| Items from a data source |

....

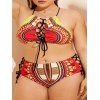 Maillot de Bain Bikini à Imprimé Tribal Croisé de Grande Taille à Lacets - Rouge 3XL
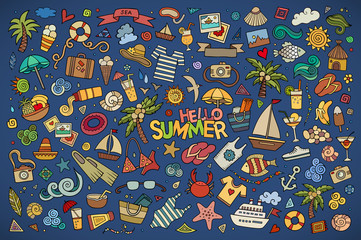 Summer beach symbols and objects
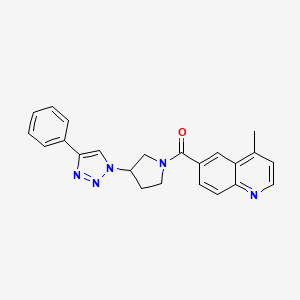 molecular formula C23H21N5O B2945334 (4-methylquinolin-6-yl)(3-(4-phenyl-1H-1,2,3-triazol-1-yl)pyrrolidin-1-yl)methanone CAS No. 2034384-99-9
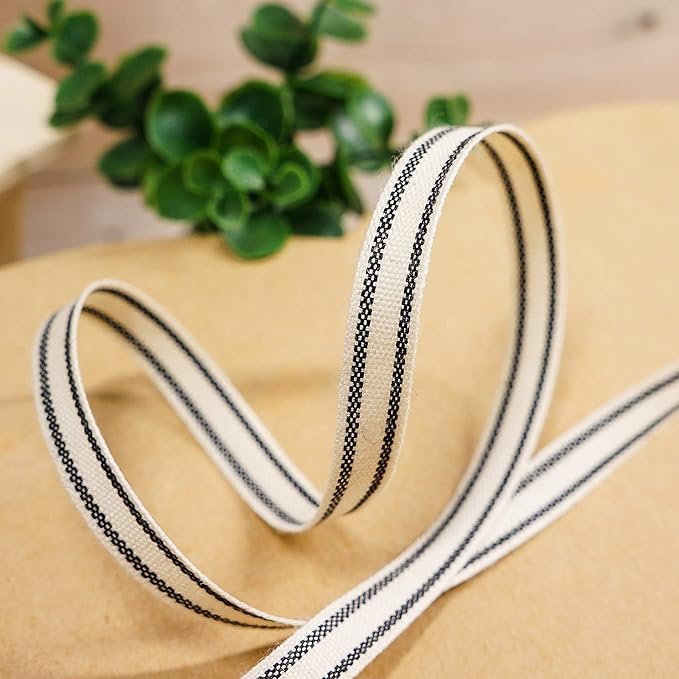 CT CRAFT LLC Ivory Cotton Black Stripes Ribbon 3/8" x 10 Yards for Home Décor Gift Present Wrapping DIY Crafts Birthday Wedding Bouquet Christmas
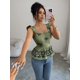 thumbnail image 4 of Blusa Mujer Con Lazo Espalda Y Estampado Negro En Verde Militar, 4 of 22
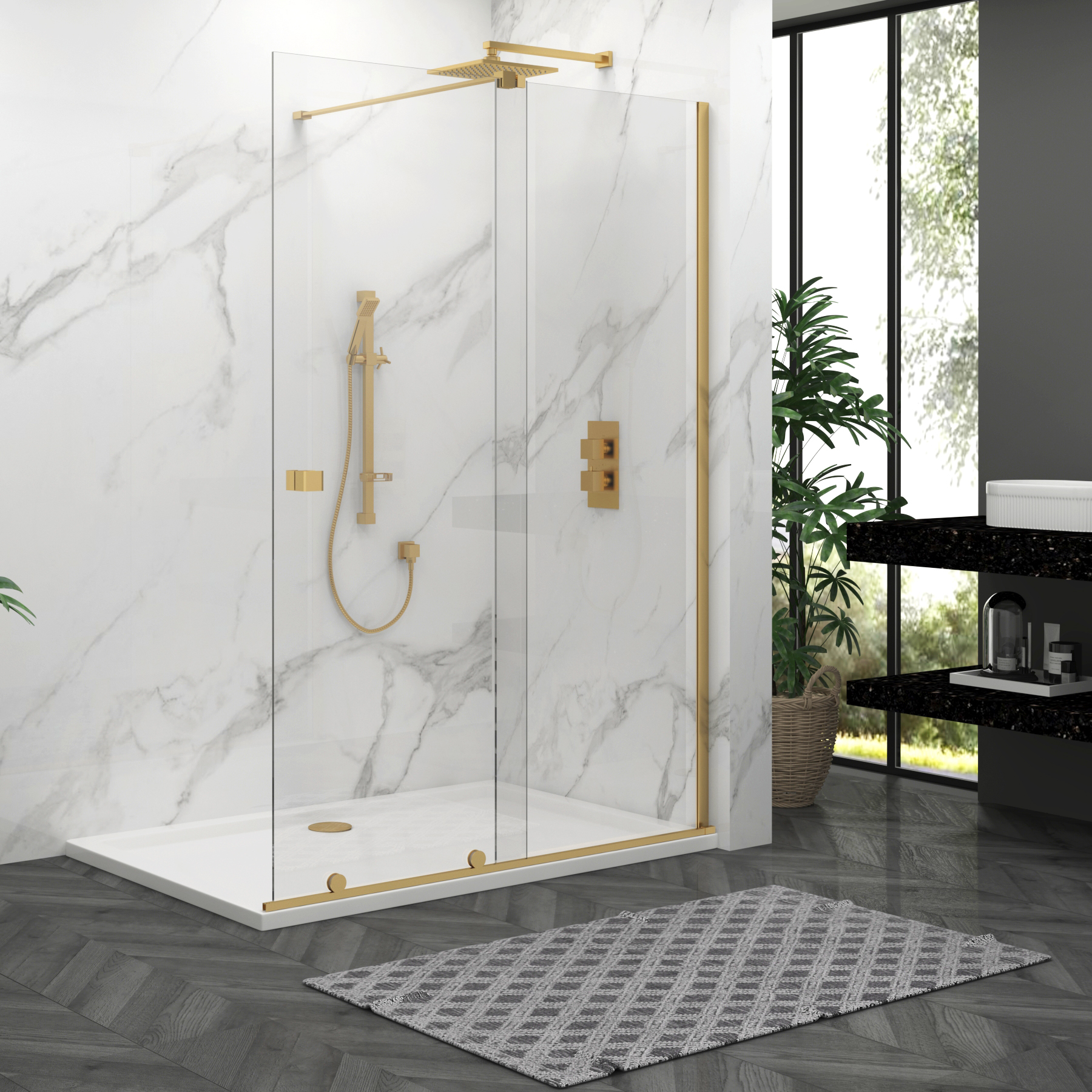 Luton Wet Room Sliding Shower Screen 8mm Easy Clean Glass, 1950mm Tall - Brushed Brass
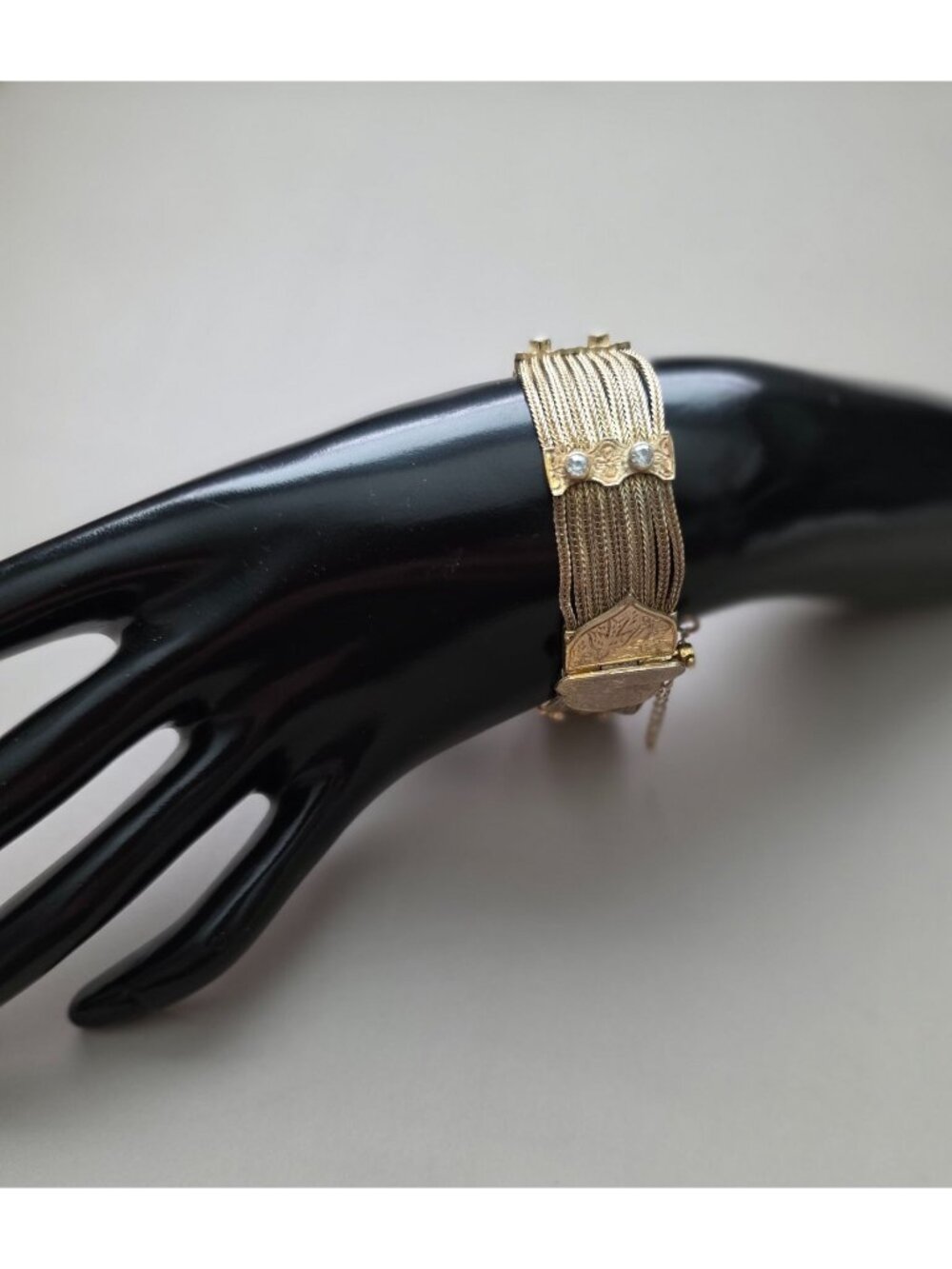 Vtg ANATOLI Gold Plated 925 Sterling Silver Multi-Strand Art Nouveau 7" Bracelet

....

| Exercise directions |
Find the line with "molecular formula C23H21N5O" and the line with "CT CRAFT LLC" in the records above. Copy both and all lines between them exactly, without pictures.

| Completed exercise |
 molecular formula C23H21N5O B2945334 (4-methylquinolin-6-yl)(3-(4-phenyl-1H-1,2,3-triazol-1-yl)pyrrolidin-1-yl)methanone CAS No. 2034384-99-9
 CT CRAFT LLC Ivory Cotton Black Stripes Ribbon 3/8" x 10 Yards for Home Décor Gift Present Wrapping DIY Crafts Birthday Wedding Bouquet Christmas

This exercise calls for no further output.